## PROBLEM REQUIREMENTS
Begin the copy at the line containing "Chris Ross enjoys java with students Chris" in the data below and end it at the line containing "Laboratory Icon Set.", keeping each line exact and leaving out pictures.

:: AVAILABLE DATA ::

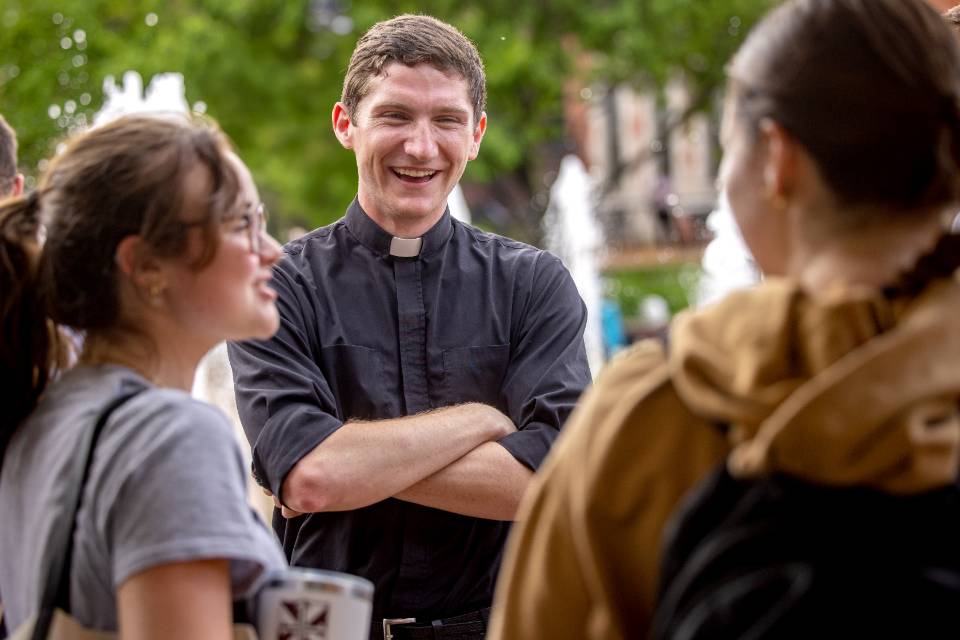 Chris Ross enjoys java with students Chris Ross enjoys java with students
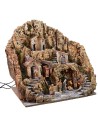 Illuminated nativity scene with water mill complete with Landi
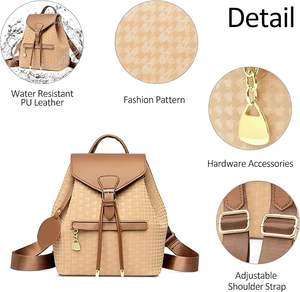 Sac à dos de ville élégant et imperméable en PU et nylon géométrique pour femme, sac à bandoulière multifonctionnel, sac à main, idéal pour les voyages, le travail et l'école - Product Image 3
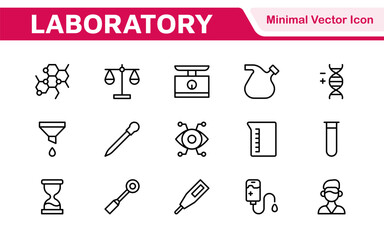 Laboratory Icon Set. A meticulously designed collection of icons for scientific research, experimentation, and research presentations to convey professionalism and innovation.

:::
:: AVAILABLE DATA ::

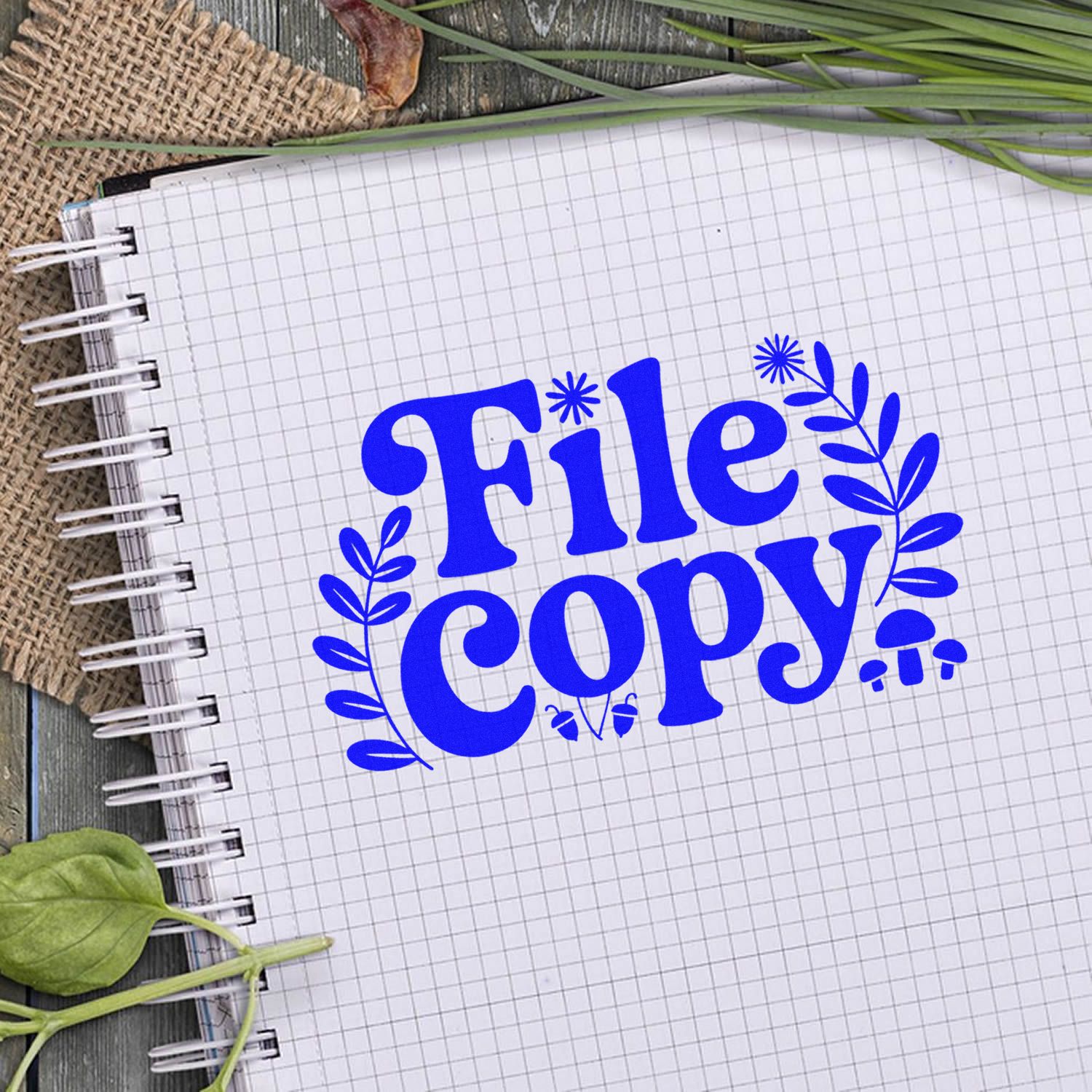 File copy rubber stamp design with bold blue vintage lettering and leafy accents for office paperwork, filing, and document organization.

:::

## SOLUTION TO THE EXERCISE
 Chris Ross enjoys java with students Chris Ross enjoys java with students
 Illuminated nativity scene with water mill complete with Landi
 Sac à dos de ville élégant et imperméable en PU et nylon géométrique pour femme, sac à bandoulière multifonctionnel, sac à main, idéal pour les voyages, le travail et l'école - Product Image 3
 Laboratory Icon Set. A meticulously designed collection of icons for scientific research, experimentation, and research presentations to convey professionalism and innovation.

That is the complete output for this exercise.